Sa voix avait une intonation que je ne lui avais jamais entendue auparavant.

Pas d’urgence.

Certitude.

J’y étais en vingt minutes.

L’inspecteur Reeves m’a accueilli à la porte de la salle de conférence. À l’intérieur, deux personnes étaient assises à la table.

Un homme d’une cinquantaine d’années, les tempes grisonnantes, les épaules affaissées par un chagrin qui ne s’était pas estompé.

À ses côtés, une femme d’une vingtaine d’années, aux yeux perçants et à la mâchoire carrée de son père.

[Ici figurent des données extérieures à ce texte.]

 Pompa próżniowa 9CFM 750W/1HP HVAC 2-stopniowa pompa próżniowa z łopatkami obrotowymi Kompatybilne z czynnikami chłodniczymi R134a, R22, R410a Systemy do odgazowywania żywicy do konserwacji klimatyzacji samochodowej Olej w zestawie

« Philip Carson », dit le détective Reeves. « Voici Michael Dawson et sa fille, Jessica. »

Michael se leva et tendit la main. Sa poigne était ferme, mais ses yeux… mon Dieu, ses yeux ressemblaient aux miens ces dernières semaines.

Évidée.

Hanté.

« Monsieur Carson, » dit-il doucement, « je suis désolé que nous nous rencontrions dans ces conditions. »

Nous nous sommes assis.

« Linda, l’épouse de Michael, était une patiente du Dr Vanessa Wright », commença le détective Reeves. « Il y a quatorze mois, Linda est décédée d’une surdose accidentelle de médicaments sur ordonnance. »

La mâchoire de Michael se crispa.

« Ce n’était pas un accident. »

« Dites-le-lui », dit doucement le détective Reeves.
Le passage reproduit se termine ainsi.